Using a status transition as the example:

Worker writes ───> Signal file (local snapshot, atomic via tmp+mv)
└───> catalyst-state.sh worker ───> Global state (atomic via jq+flock)
└──> Event (appended to events.jsonl)
orch-monitor ──> fs.watch on signal files ───> Recomputes snapshot
└──> fs.watch on state.json ───> Fan out via SSE
└──> tail -f on events.jsonl ───> SSE event stream

The monitor never writes — it only reads. Remediation (advancing a ticket, re-dispatching a worker) always goes through the skill layer, which in turn goes through catalyst-state.sh to maintain the write ordering invariants.

The orch-monitor exposes GET /events as a Server-Sent Events stream. Events are JSON objects following the same schema as events.jsonl:

event: worker-update
data: {"orchestrator":"orch-...","worker":"CTL-48","status":"implementing","phase":3,"ts":"2026-04-14T19:03:01Z"}
event: pr-update
data: {"orchestrator":"orch-...","worker":"CTL-48","pr":123,"ciStatus":"passing","ts":"2026-04-14T19:20:44Z"}
event: liveness-change
data: {"orchestrator":"orch-...","worker":"CTL-48","alive":false,"pid":63709,"ts":"2026-04-14T19:22:00Z"}
event: snapshot
data: {"orchestrators":[...],"generatedAt":"2026-04-14T19:22:00Z"}
EventSourceWhen
snapshotGenerated by monitorOn connect, every 60s, and on any state change
worker-updateSignal file changeWorker writes a new status or phase
pr-updateGitHub poll (every 30s)PR state or CI status changed
liveness-changePID check (every 5s)A worker’s PID stopped responding
attention-raisedGlobal state changeOrchestrator added an attention item
wave-completedEvent log tailOrchestrator emitted wave-completed

Clients (web UI, terminal UI, custom dashboards) subscribe once and render incrementally. No polling.
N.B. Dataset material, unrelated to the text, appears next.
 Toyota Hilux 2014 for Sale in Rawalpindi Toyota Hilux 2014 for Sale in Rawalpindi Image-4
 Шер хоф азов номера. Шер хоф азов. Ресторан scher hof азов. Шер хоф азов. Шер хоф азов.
Any SSE-capable client works. Example in Node:

import { EventSource } from 'eventsource';
const es = new EventSource('http://localhost:7400/events');
es.addEventListener('worker-update', (e) => {
const { worker, status } = JSON.parse(e.data);
console.log(`${worker}: ${status}`);
});
es.addEventListener('pr-update', (e) => {
const { worker, pr, ciStatus } = JSON.parse(e.data);
if (ciStatus === 'failing') notifySlack(`${worker} PR #${pr} CI failed`);
});

Or in Bash, for quick ad-hoc piping:

Terminal window
curl -N http://localhost:7400/events \
| grep -E '^event: (worker-update|pr-update)' -A 1 \
| grep ^data:

If a client disconnects (network blip, process restart), the SSE spec gets it reconnected automatically — the browser/library handles retry. On reconnect the monitor immediately sends a fresh snapshot event so the client can reconcile any missed updates.
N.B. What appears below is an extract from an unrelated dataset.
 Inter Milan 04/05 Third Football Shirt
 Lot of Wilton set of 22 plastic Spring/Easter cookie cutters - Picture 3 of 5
The event log (events.jsonl) is the durable fallback: if a client missed events while disconnected, it can replay from the log by its last-seen timestamp:

Terminal window
awk -F'"ts":' '$2 > "\"2026-04-14T19:00:00Z\"" {print}' ~/catalyst/events.jsonl

File-based append-only logs and filesystem watches are intentionally boring. They:

  • Require no additional process (no Redis, no Kafka)
  • Survive monitor restarts (events.jsonl is the source of truth)
  • Are debuggable with cat, tail, and jq
  • Work offline

The cost is that you’re limited to one machine — if you need multi-host aggregation, pipe events.jsonl into your regular log shipping stack (Vector, Fluent Bit, whatever you already run). The schema is stable.